Après cet orgasme routier nous débouchons sur le plus grand lac du Chili (qui est aussi à moitié argentin), le Lago Gral Carrera. Nous sommes obligés de nous arrêter tellement le bleu du lac semble irréel.

 

 

Nous continuons à le longer jusqu’à Puerto Rio Tranquilo qui n’est pas “tranquilo” du tout puisque c’est le point de départ des fameuses grottes de marbre. Attraction touristique beaucoup trop chère à mon gout pour de simples cailloux… Saucisse-man est d’accord et nous décidons donc de nous excentrer dans un petit camping à la sortie de la ville. Je teste ma nouvelle tente et j’en suis ravi. La nuit est très froide, je dors avec T-shirt, pull en yak, bonnet et caleçon long. La Patagonie commence à s’insinuer en moi.

17/02/17

Le jour se lève et je n’ose quitter mon duvet. Je discute donc de tente à tente avec Oliver qui pense rejoindre la frontière à Chile Chico aujourd’hui. Pour ma part, j’irai au bout de la route à O’Higgins.

Douche froide ? Non pas là, non. Nous chargeons les motos et repartons.

La Carretera se dessine devant nous comme une cicatrice sur le flanc des collines verdoyantes.

 

 

Voici maintenant plus de 600 bornes que nous sommes sur la piste ; j’ai les cervicales endolories et des contractures aux épaules. Du coup je décide de mettre ma playlist “classiques à chanter” pour détourner mon attention de ces problèmes physiques. “Le Sud”, “Emmenez-moi”, “Armstrong”, “Mistral gagnant”, tout y passe… et ça marche, la douleur s’amenuise puis devient un souvenir.

Il semble que nous prenions de l’altitude aujourd’hui. Les rivières me paraissent plus lointaines, les ravins plus profonds et les nuages plus proches.

 

 

Nous arrivons à la fourche où nos chemin divergent et décidons de déjeuner avant de nous séparer.

 

 

Cela laisse le temps à Oliver de voir que tous les véhicules, y compris un énorme troupeau de motards, se dirigent vers O’Higgins. Il fini par me demander ce qu’il y a à O’Higgins. Je lui réponds qu’il y a la fin de la route. Il hoche la tête avec une moue approbative. Il va bidouiller son GPS deux minutes et revient, sa saucisse toujours à la main, en me disant : Fuck it, i’m going to O’Higgins ! Un Allemand qui change son itinéraire, c’est pas tous les jours qu’on voit ça…

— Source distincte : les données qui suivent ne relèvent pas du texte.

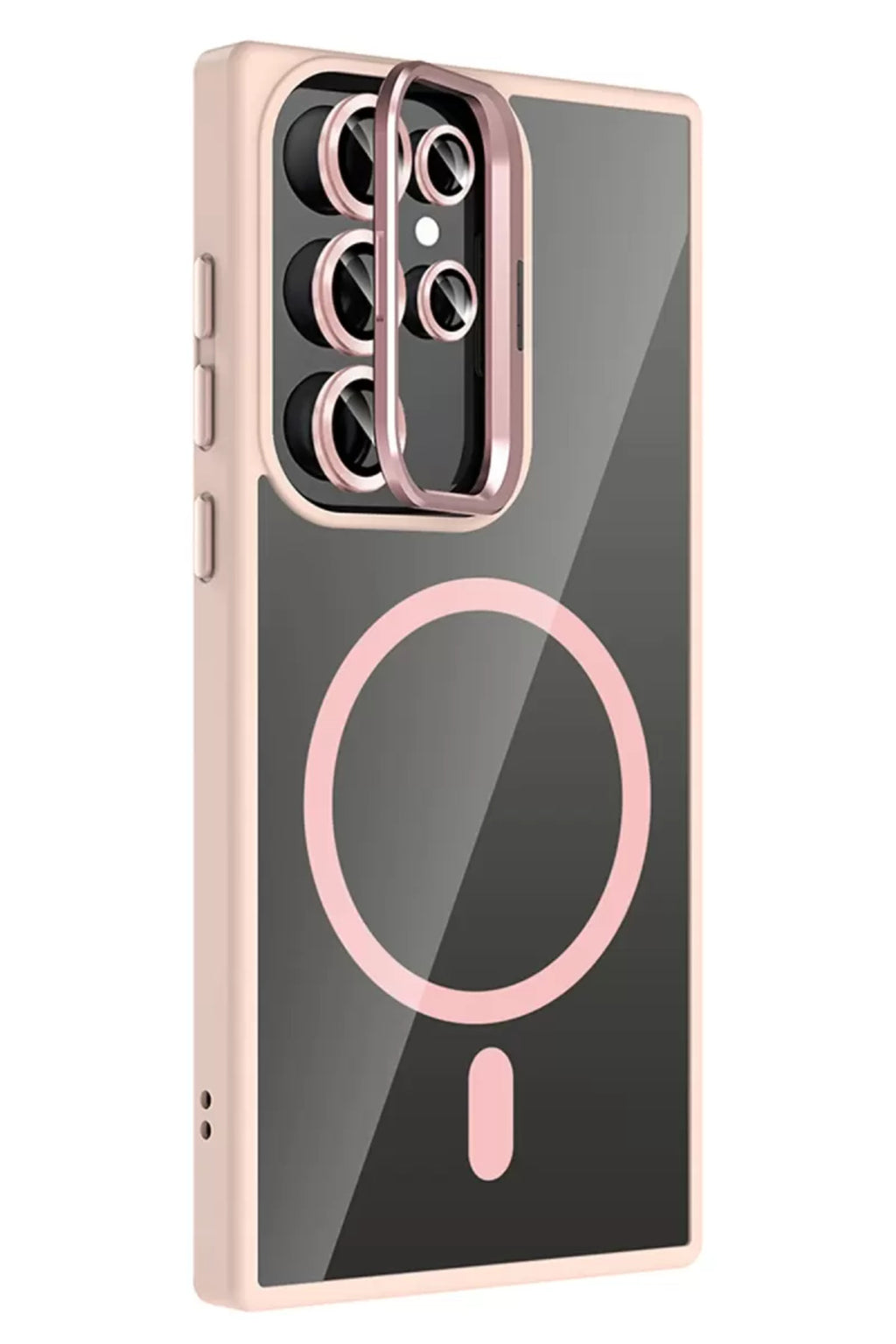 Joko Samsung Galaxy S23 Ultra Uyumlu Remim Lensli Magsafe Standlı Kapak - Pembe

En route pour O’Higgins donc ! Dernier plein à Cochrane où nous cherchons des pneus pour remplacer l’arrière qui commence à être fatigué.

 

 

Non, nous répond-on, plutôt à Coyhaique…  Ça tiendra jusqu’au retour. Nous hésitons à passer la nuit ici mais la route est longue demain (environ 250 km, toujours de piste) et nous décidons de prendre une cinquantaine de kilomètres d’avance.

Nous ne trouvons pas le camping que nous avions repéré sur la carte et continuons à rouler. La nuit commence à tomber et il n’y a vraiment rien par ici. Nous persévérons et apercevons finalement un petit panneau en bois portant la mention  “camping”. Un papé nous accueille et nous dit qu’on peut se mettre où on veut. Ce n’est pas vraiment un camping mais plutôt un terrain qu’il rentabilise. Cela dit, l’endroit est incroyablement beau. Cernés par les montagnes et bercés par une rivière, nous plantons nos tentes en espérant que la pluie s’arrête.

 

 

Nous nous rendons compte que les tentes d’un groupe de cyclistes occupent l’autre coté de la propriété. Deux argentins, un italien, un allemand et une française, tous les cinq dans la cinquantaine. Ils se sont rencontrés en chemin et font la route ensemble. Ils nous offrent la soupe et nous discutons de nos expériences respectives autour de… rien puisqu’il pleut et que le feu n’est donc pas envisageable.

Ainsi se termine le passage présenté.